*** Material to process ***
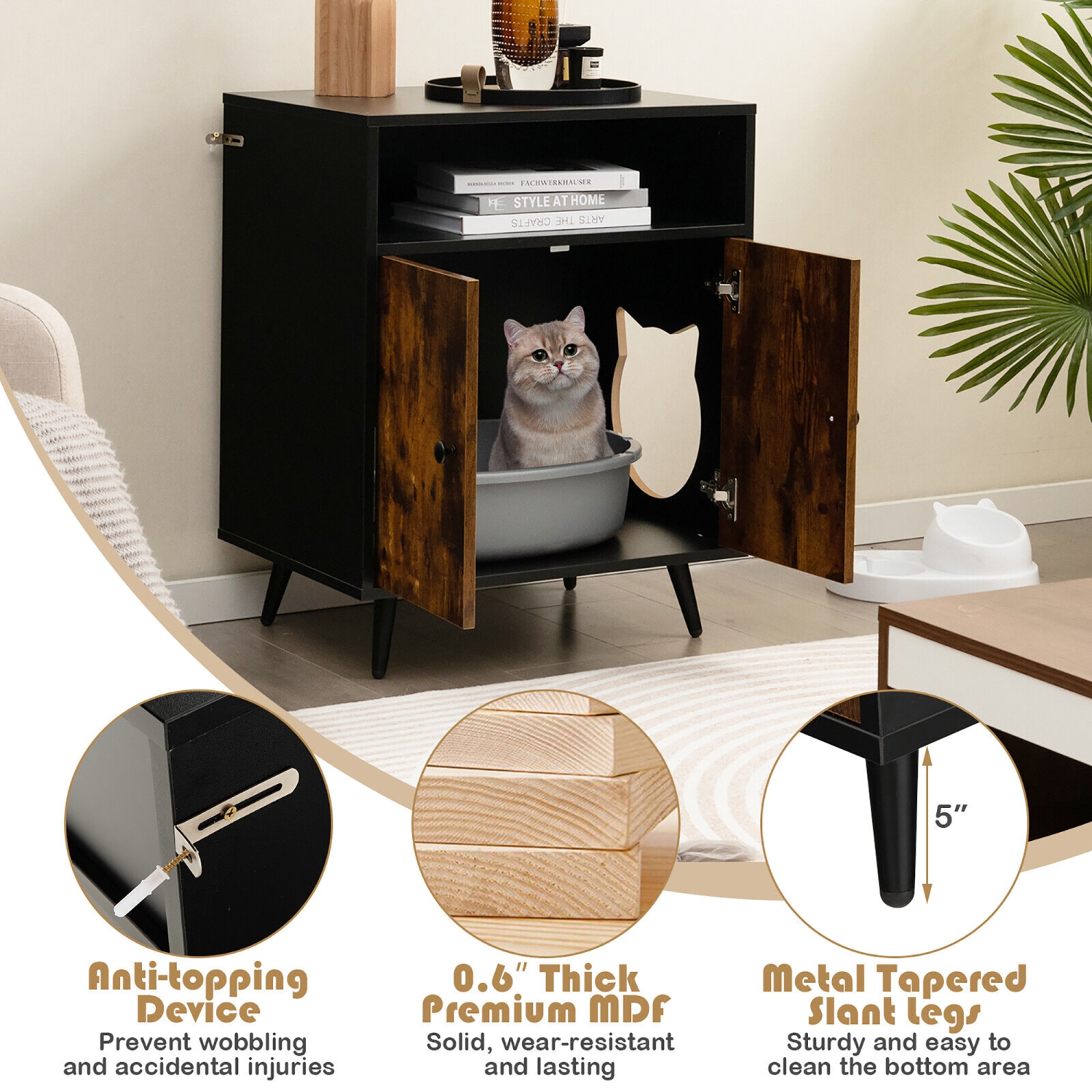Gymax Cat Litter Box Enclosure Hidden Cat Washroom Cabinet with Entry Open Compartment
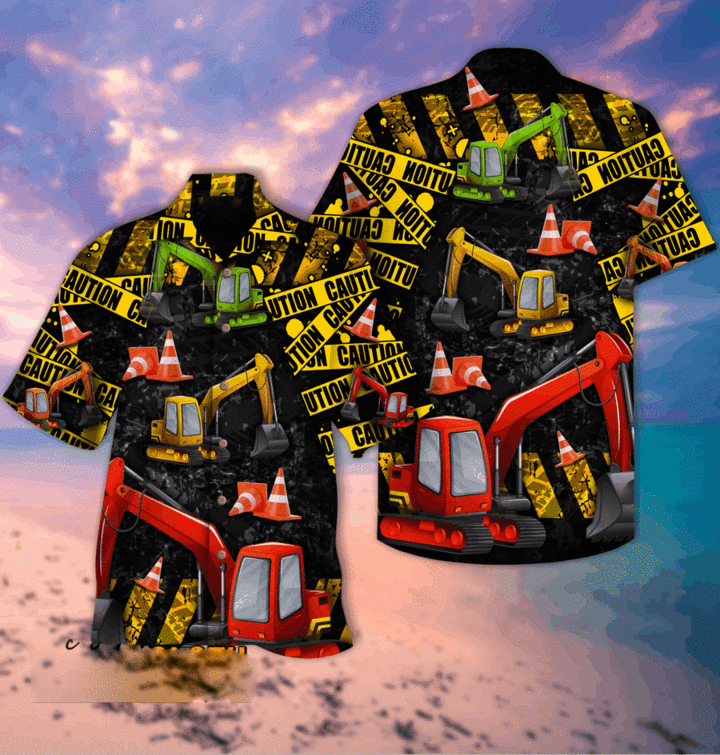 Work Hard With Excavator Hawaiian Shirt | For Men & Women | Adult | Hw4336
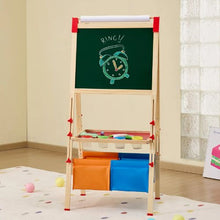 Kids 3-in-1 Wooden Art Easel – Double-Sided Magnetic Whiteboard & Chalkboard with Paper Roll
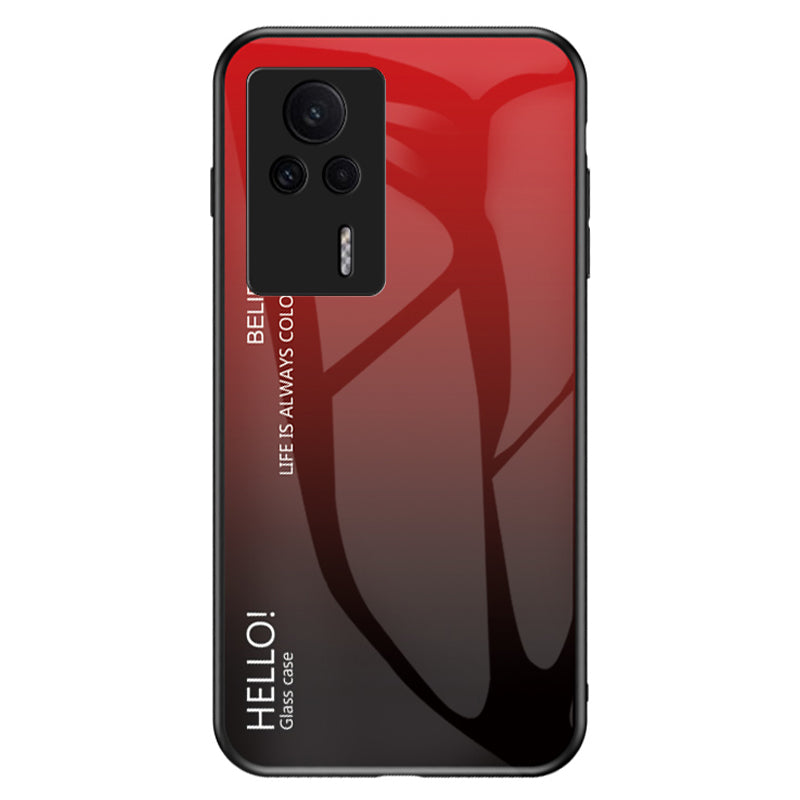 Tempered Glass PC TPU Phone Case for Xiaomi Redmi K60E 5G Gradient Color Anti-drop Cover Tempered Glass PC TPU Phone Case for Xiaomi Redmi K60E 5G Gradient Color Anti-drop Cover
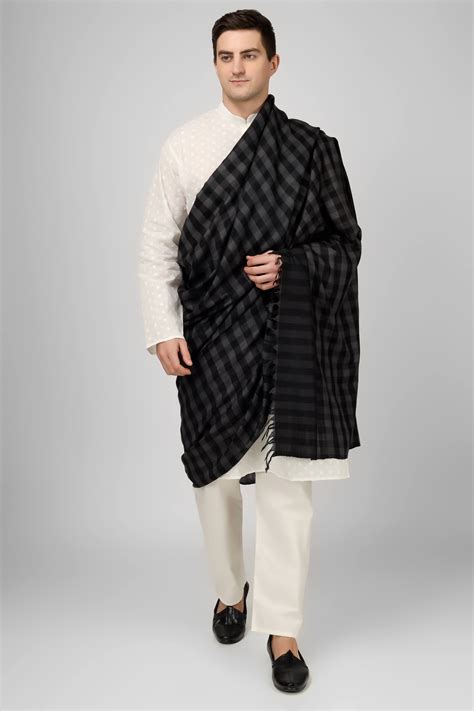 Black and gray Mens Pashmina shawl checked design – Kepra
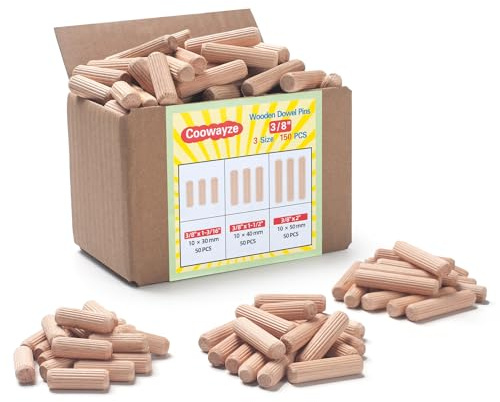 Wooden Dowel Pins 3/8 inch, 150 PCS Fluted Wooden Pegs, Hardwood Wood Dowels for Crafts, Kiln-Dried Fluted & Beveled Design for Woodworking, Furniture, Crafting & DIY Projects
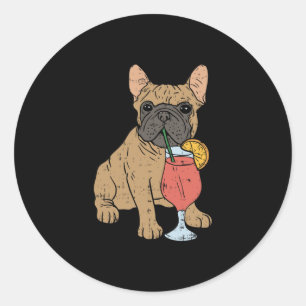Adesivo Redondo Buldogue francês Frenchi Bebendo de porco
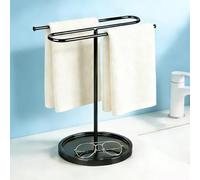 Gemejutor Porte-Serviettes sur Pied en Forme de S avec Plateau de Rangement, Porte-Serviettes en Fer Inoxydable à Double Barre, Support à Serviettes autoportant pour Salle de Bain, Plan de Travail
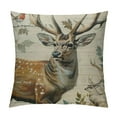 thumbnail image 1 of Shiartex Reindeer Throw Pillow Cover  Woodland Pillow Cover for Girls,Rustic Elk Deer Moose Cushion Case Plant Branches Pine Branch Botanical Pinecone Farmhouse Decor 24x24in, 1 of 5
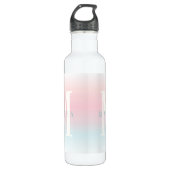 Personalisierte pastellfarbene Regenbogenflasche Edelstahlflasche (Vorderseite)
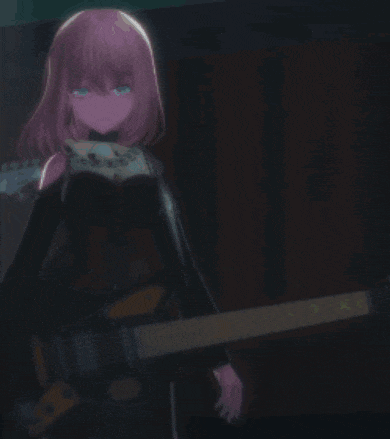 a girl with pink hair is holding a black guitar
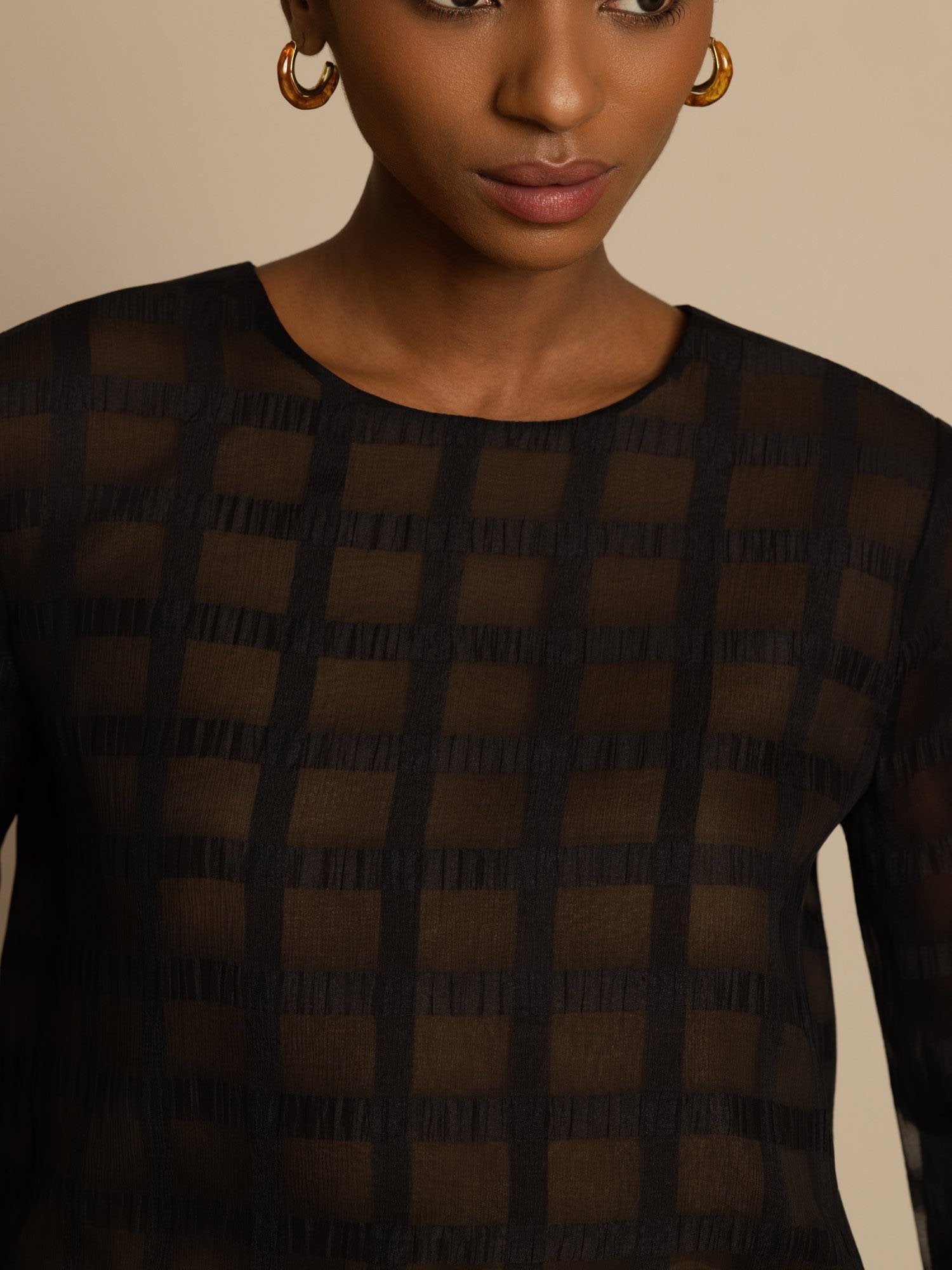 [Svart] SilkSilky-SE Blouse 004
*** End of Material to process ***
Each line of the records above must be repeated exactly, but no picture belongs in the copy.

Gymax Cat Litter Box Enclosure Hidden Cat Washroom Cabinet with Entry Open Compartment
 Work Hard With Excavator Hawaiian Shirt | For Men & Women | Adult | Hw4336
 Kids 3-in-1 Wooden Art Easel – Double-Sided Magnetic Whiteboard & Chalkboard with Paper Roll
 Tempered Glass PC TPU Phone Case for Xiaomi Redmi K60E 5G Gradient Color Anti-drop Cover Tempered Glass PC TPU Phone Case for Xiaomi Redmi K60E 5G Gradient Color Anti-drop Cover
 Black and gray Mens Pashmina shawl checked design – Kepra
 Wooden Dowel Pins 3/8 inch, 150 PCS Fluted Wooden Pegs, Hardwood Wood Dowels for Crafts, Kiln-Dried Fluted & Beveled Design for Woodworking, Furniture, Crafting & DIY Projects
Adesivo Redondo Buldogue francês Frenchi Bebendo de porco
 Gemejutor Porte-Serviettes sur Pied en Forme de S avec Plateau de Rangement, Porte-Serviettes en Fer Inoxydable à Double Barre, Support à Serviettes autoportant pour Salle de Bain, Plan de Travail
 thumbnail image 1 of Shiartex Reindeer Throw Pillow Cover  Woodland Pillow Cover for Girls,Rustic Elk Deer Moose Cushion Case Plant Branches Pine Branch Botanical Pinecone Farmhouse Decor 24x24in, 1 of 5
 Personalisierte pastellfarbene Regenbogenflasche Edelstahlflasche (Vorderseite)
 a girl with pink hair is holding a black guitar
 [Svart] SilkSilky-SE Blouse 004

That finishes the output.